Google has opened up a wait list for Bard, its generative AI chatbot, the tech giant announced on Tuesday. Bard appears to be a direct competitor of ChatGPT and GPT-4, the generative AI from startup OpenAI, which Microsoft uses in its Bing Chat.
Jump to:
- How to sign up for the Google Bard wait list
- Google Bard builds on years of research
- Google wants user feedback about Bard
- Google competing with Microsoft and OpenAI
- What tech leaders should consider before using AI
How to sign up for the Google Bard wait list
To sign up for the Google Bard wait list, visit bard.google.com and register with an existing Google account. Accounts managed by a Google Workspace admin are not eligible. Bard runs in Chrome, Safari, Firefox, Opera and Edgium.
Google Bard builds on years of research
Google Bard runs on Language Model for Dialogue Applications, Google’s own large language model. Google first announced it was working on testing its generative AI in-house in January. Google Bard is based on work done in Google’s AI Test Kitchen, which launched in August 2022. Before that, the tech giant worked on a machine learning program for generating natural-sounding language starting in 2017.
Bard also hooks directly into Google search. Most conversations come with a suggested search attached, which Google suggests users can do to “check the response.” Interestingly, so far Google does not have any announcements about integrating the natural language chat function into general searching.
Google Bard is only available in U.S. English, with plans to expand it to other languages. In addition, Google plans to add the ability to write code to Bard, as well as “multimodal experiences,” which includes video and audio.
Google wants user feedback about Bard
“Bard is experimental, and some of the responses may be inaccurate,” Google pointed out. The team at Google even poked fun at some of Bard’s suggestions in its own announcement post.
Google also emphasized privacy. The version of Bard that will be available through the wait list can’t answer questions about what happened earlier in a conversation between itself and a human, for example. According to the Bard FAQ, Google purposely limited Bard’s “ability to hold context.” Google is asking for users to send feedback on Bard’s responses.
In an internal email viewed by CNBC, Google and Alphabet CEO Sundar Pichai told employees, “Things will go wrong.

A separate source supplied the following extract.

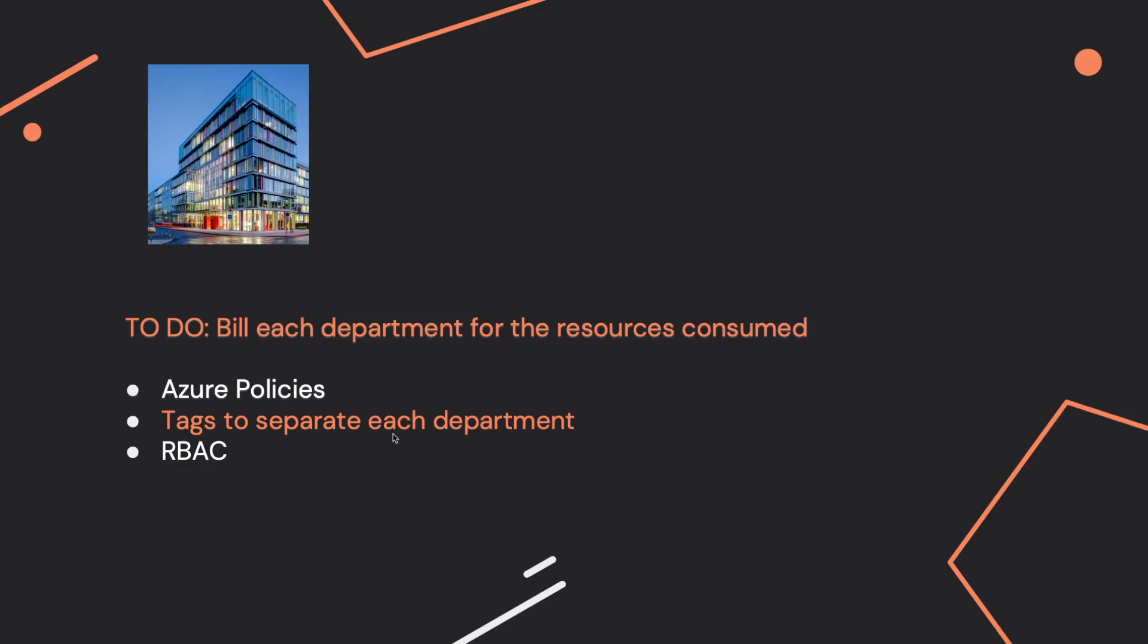So same for department. You can apply the name department and the value can be the value of the name of each department. And in this way, you can filter them and then you can apply the bill for each department.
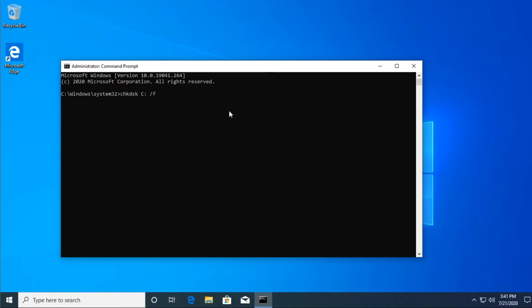We're going to use the command for disk check. This is a very good command. Here, just change from C, change the letter where you have your Windows installed. Press enter and let the process do its job.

But the user feedback is critical to improving the product and the underlying technology.”
Google is competing with Microsoft and OpenAI
Google Bard’s big name competitor is OpenAI’s ChatGPT. So far, ChatGPT has the advantage of already being able to write basic code, expanding its enterprise applications significantly.
Microsoft’s Bing search uses OpenAI’s GPT-4, the large multimodal model on which ChatGPT is built. ChatGPT is currently available with a subscription to OpenAI’s ChatGPT Plus.
Startup Anthropic, which has gained funding from Google, has its own AI assistant, Claude. Anthropic is playing in the search engine space with a partnership with DuckDuckGo while using Google as a cloud provider.
What tech leaders should consider before using AI
Chat assistance made with large language model AI have faced criticism for returning answers that are easily parsed but factually incorrect. There are also some concerns about the job training AI requires outweighing the productivity benefits, or AI content replacing human-made work and, therefore, limiting numbers of available jobs. Business leaders should take into account whether generative AI is appropriate for their workplace culture as well as whether it improves productivity.